INSTRUCTIONS TO FOLLOW:
Word-for-word transcription: reproduce all of the data, but not the pictures.

:: SOURCE MATERIAL

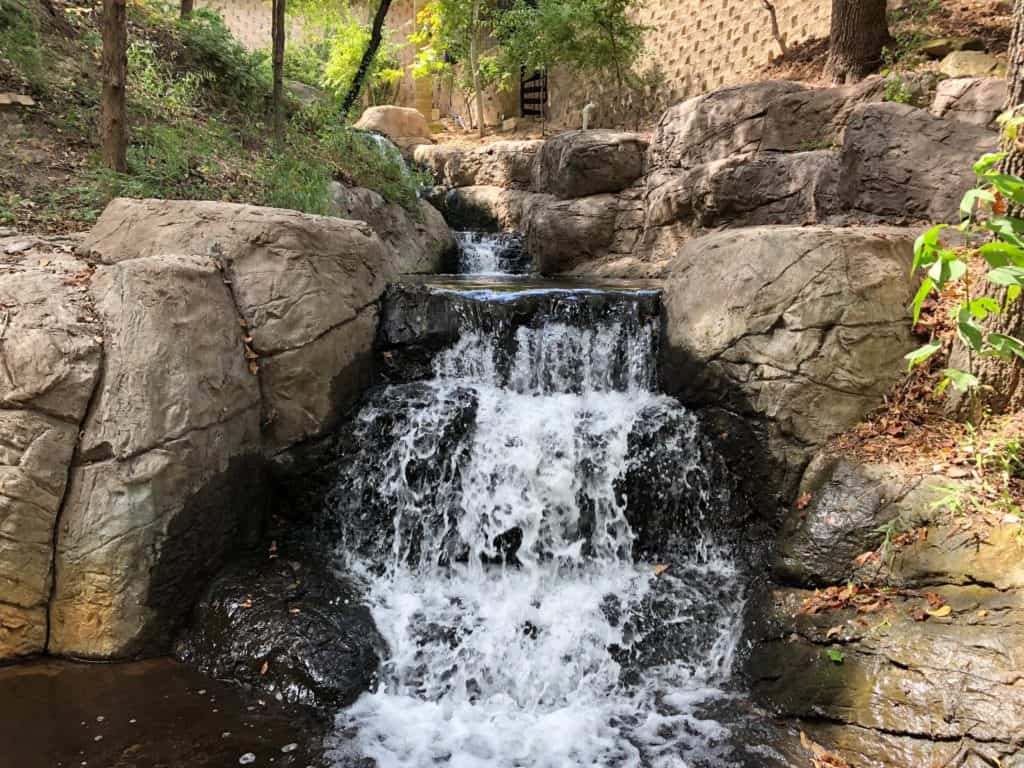 A stream with a waterfall made out of artificial rock in Arlington Texas.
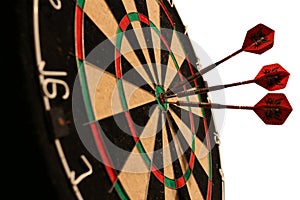 Arrows hitting dartboard - isolated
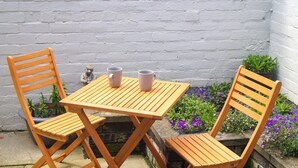 A wooden table and two chairs with a white brick wall in the background. - 2 bedroom accommodation in Amble, near Warkworth (Amble, near Warkworth)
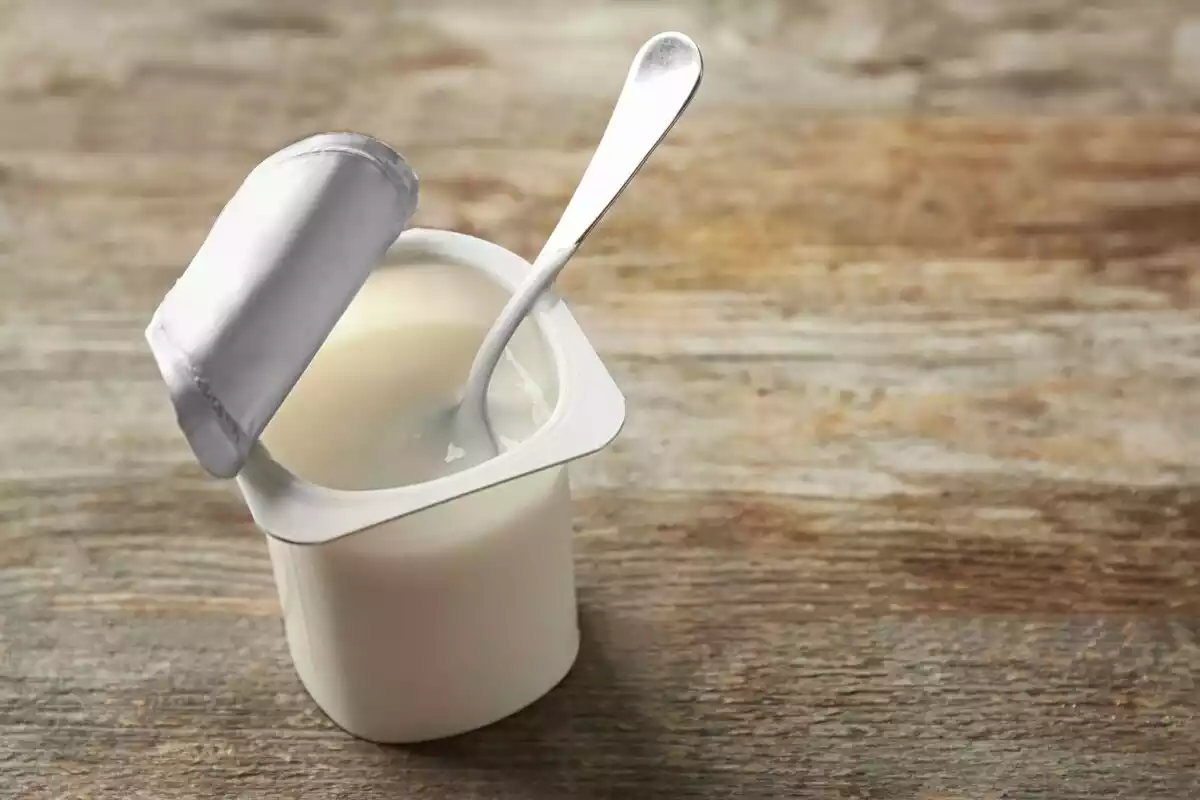 Un yogur blanco con cuchara dentro sobre una mesa de madera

::::

RESULT OF THIS EXERCISE:
 A stream with a waterfall made out of artificial rock in Arlington Texas.
 Arrows hitting dartboard - isolated
 A wooden table and two chairs with a white brick wall in the background. - 2 bedroom accommodation in Amble, near Warkworth (Amble, near Warkworth)
 Un yogur blanco con cuchara dentro sobre una mesa de madera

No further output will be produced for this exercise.